What made the H2G2 body of work so creatively malleable was that its funniest and most unforgettable moments weren't in the plotline but its pages-long digressions, where Adams translated his day-to-day ruminations on life, the universe and everything into a broader cosmos that satirized human hypocrisy and fallibility with a supporting cast of extraterrestrials. Just as in the book, Earth's inciting swan song remains the same in the film, as the unbendingly bureaucratic Vogon race has scheduled the planet's destruction to make room for a hyperspace bypass, the same day that unlikely hero Arthur Dent (Martin Freeman)—an ordinary Englishman by any standard—discovers his friend Ford Prefect (Mos Def) is a galaxy-hopping hitchhiker from Betelgeuse. Saved by Ford's thumb, the uptight Arthur's original adventures in space were made all the more riotous because his only remaining passion was a quest for a good cup of tea, yet the movie's Arthur is now hopelessly in love with Trillian (Zooey Deschanel), a fellow earthling he once met at a party?! An unforgivably improbable romance in a premise built on enough improbabilities of its own (at one point, everyone turns into yarn puppets), the Arthur-and-Trillian love arc is supposedly from Adams' draft, but a lack of emotional context pulverizes the story thread into a wasteful mush, a recurring texture that soaks throughout and reeks of mass-marketing interference from Disney studio execs.
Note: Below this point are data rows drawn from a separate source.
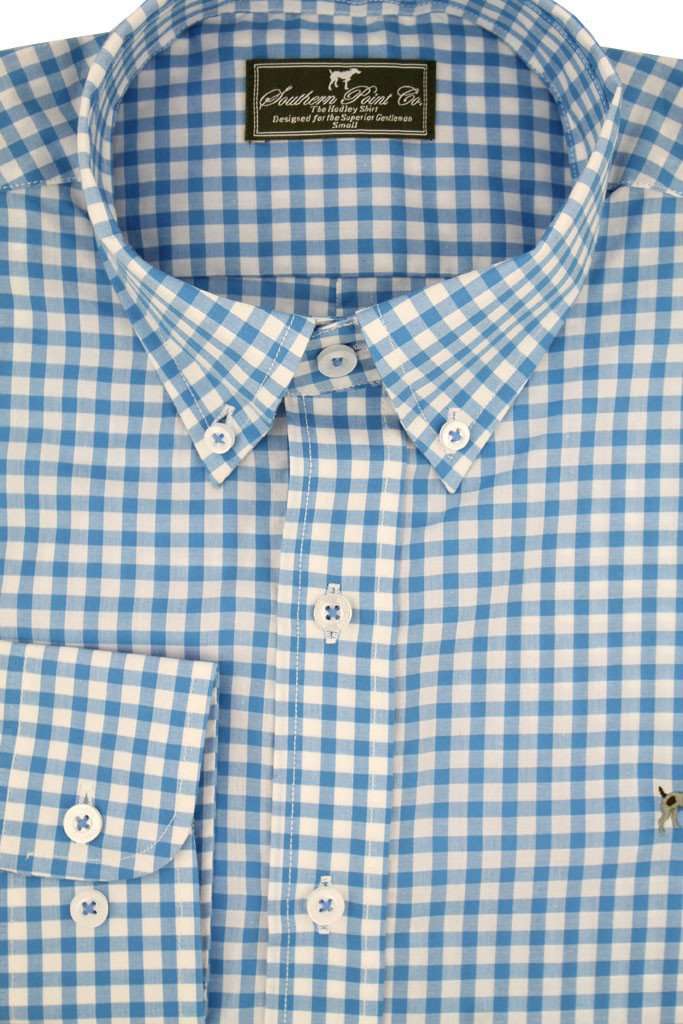The Hadley Shirt in Maui Blue Gingham by Southern Point Co. - Country Club Prep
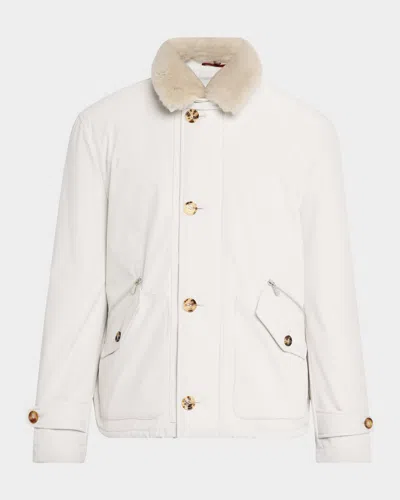 Brunello Cucinelli Men & Apos;s Bomber Jacket With Detachable Shearling Collar In White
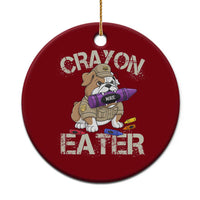 Crayon Eater Bulldog Ceramic Ornament Funny Military Gift with Combat Pup and MRE Crayon - Wonder Print Shop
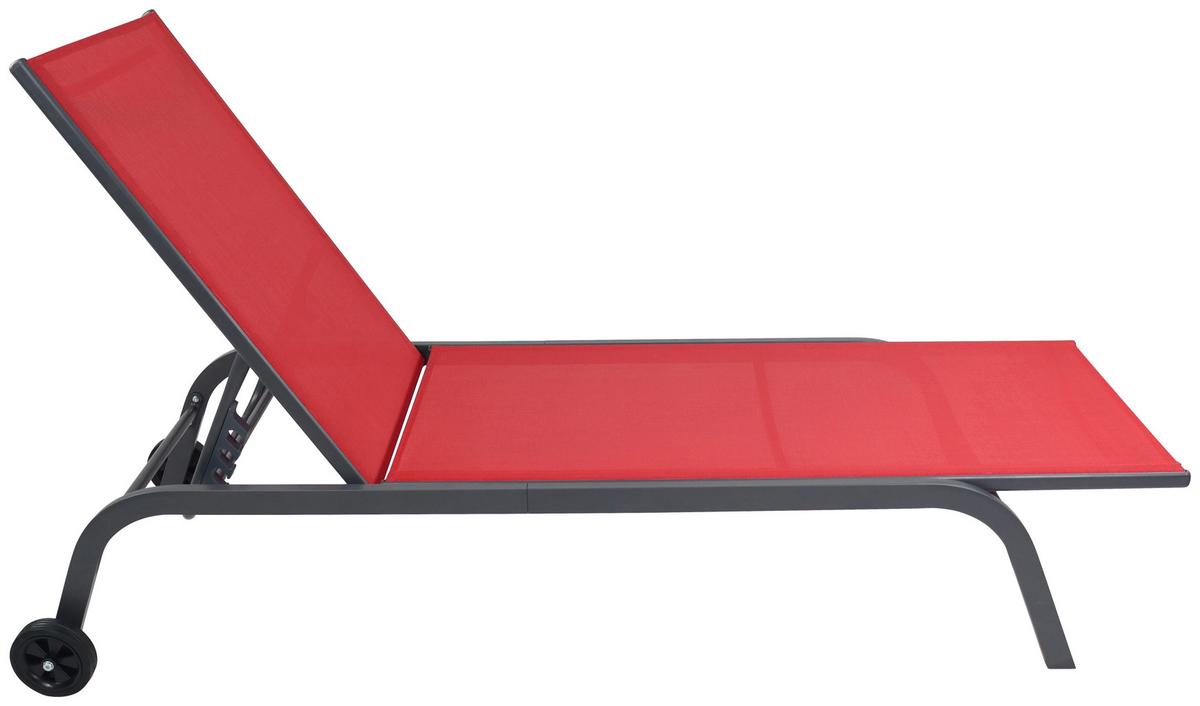 Gartenliege Sonlas Stahl, klappbar - Rot, MODERN, Kunststoff/Textil (32/58/192cm) - Ambia Garden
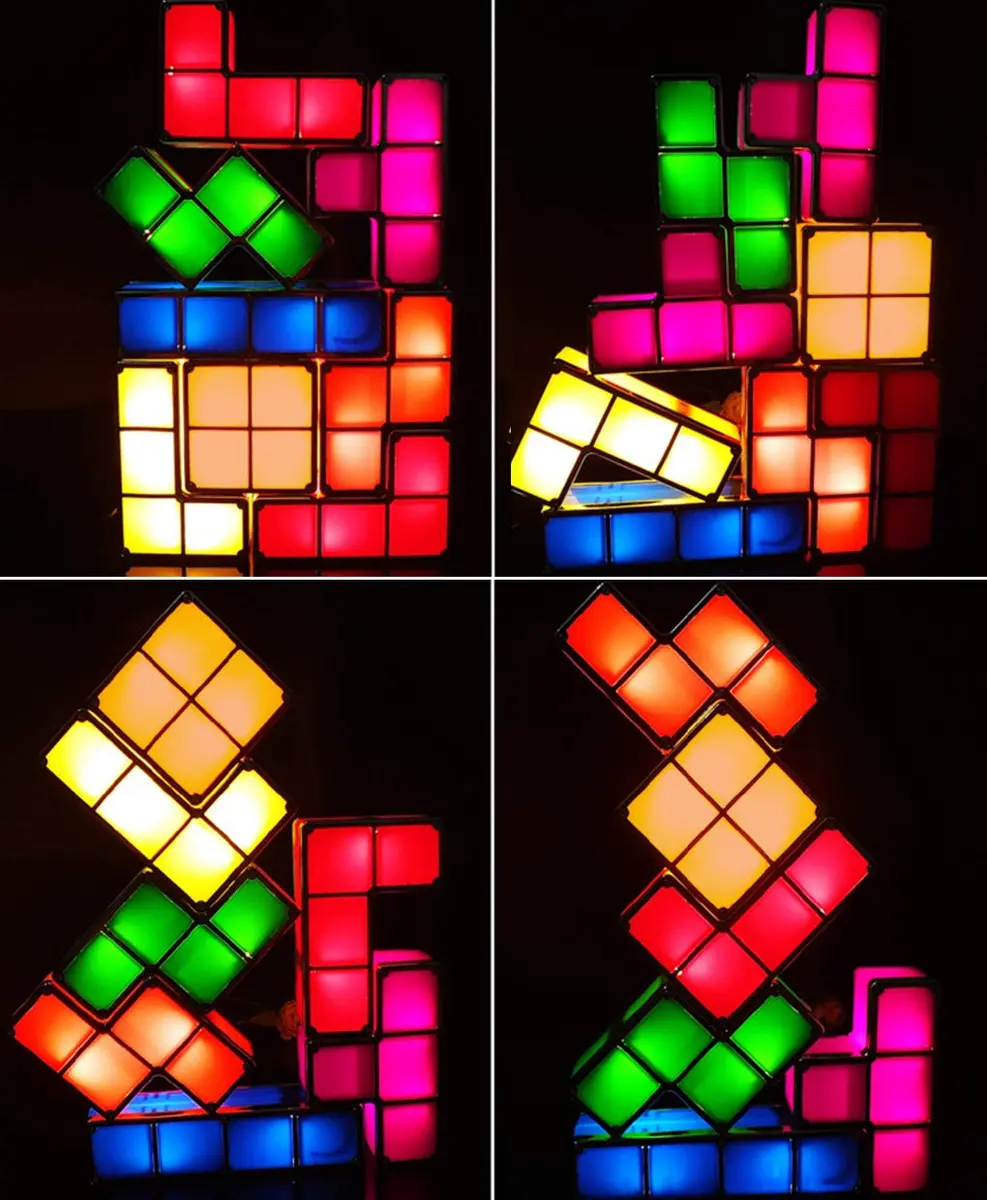 Bitopbi 7 PCS Stackable Night Light 3D Puzzles Toy 7 Colors LED Novelty Desk Lamp for Teens & Adults - view 3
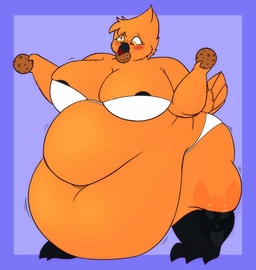 anthro areola areola_slip belly belly_on_ground belly_overhang big_belly big_breasts biped black_areola black_markings blush bra breasts clothed clothing cookie eating feathers female female_anthro food hair holding_cookie holding_food holding_object huge_belly leg_markings looking_down looking_down_at_self markings morbidly_obese morbidly_obese_anthro morbidly_obese_female obese obese_anthro obese_female orange_body orange_feathers orange_hair orange_tail overweight overweight_anthro overweight_female panties red_blush socks_(marking) solo tail underwear underwear_only white_bra white_clothing white_panties white_underwear strawberrymilkdog avian bird 2023 hi_res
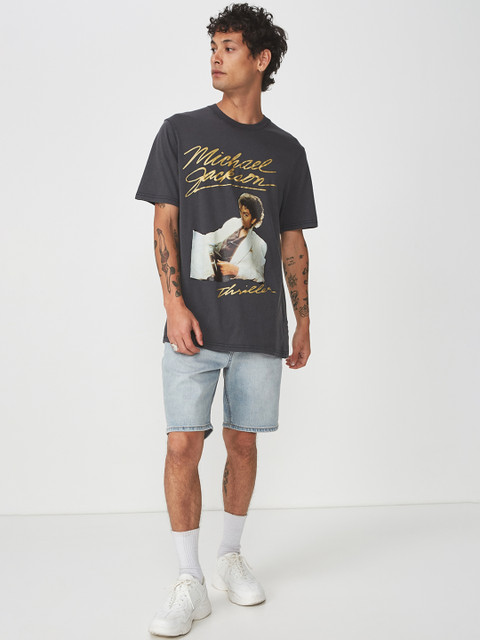 

COTTON ON Men Black Printed Round Neck T-shirt
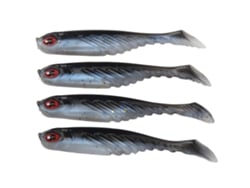 4pcs Señuelo Suave Cola T Ar48 75mm/3.2g Bicolor Para Pesca, Tackle Wobbler Cuerpo Negro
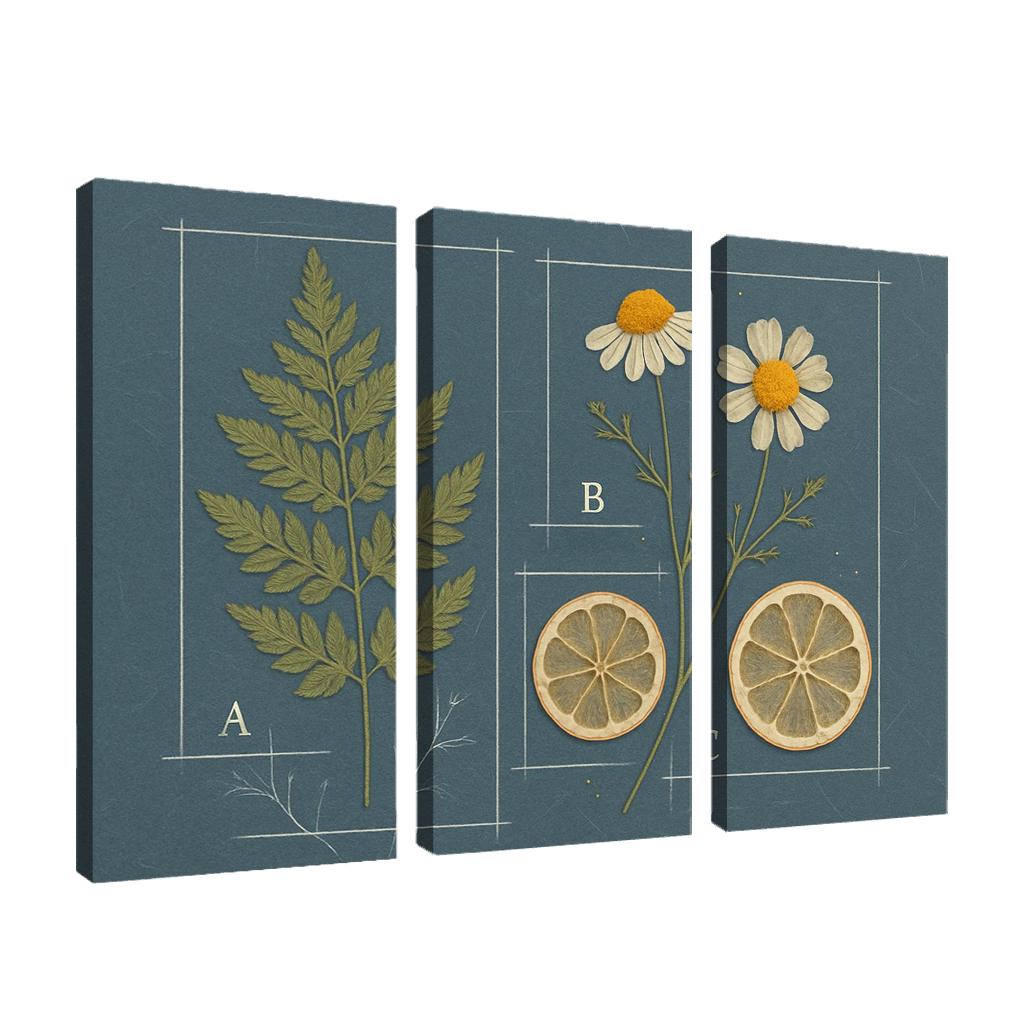 Herbarium Blueprint Collage With Pressed Petals custom paintings frame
Lumpish as it is, H2G2 sparks light-hearted charm from its fabulously choice cast. As Zaphod Beebelbrox, the half-wit party monster who runs the galaxy with two heads, Sam Rockwell adds a twang of Dubya oilman to his rockstar posturing that's as fun to watch as it probably was to play. Freeman, Deschanel and especially Def all deserve more to work with, but their charisma helps draw attention away from such better-in-theory missteps as the terminally-depressed Marvin the Paranoid Android (a cute white robot with Alan Rickman's sonorous sulking, how did this not work?). Factor in some delightfully cheesy visual gags, oddball originality and in-jokes for the die-hards (a planet made of Adams' face, cameos by the BBC version's Arthur and Marvin, etc.), then compare to what's swimming at the multiplex this week… there are far worse things you could be sticking in your ear.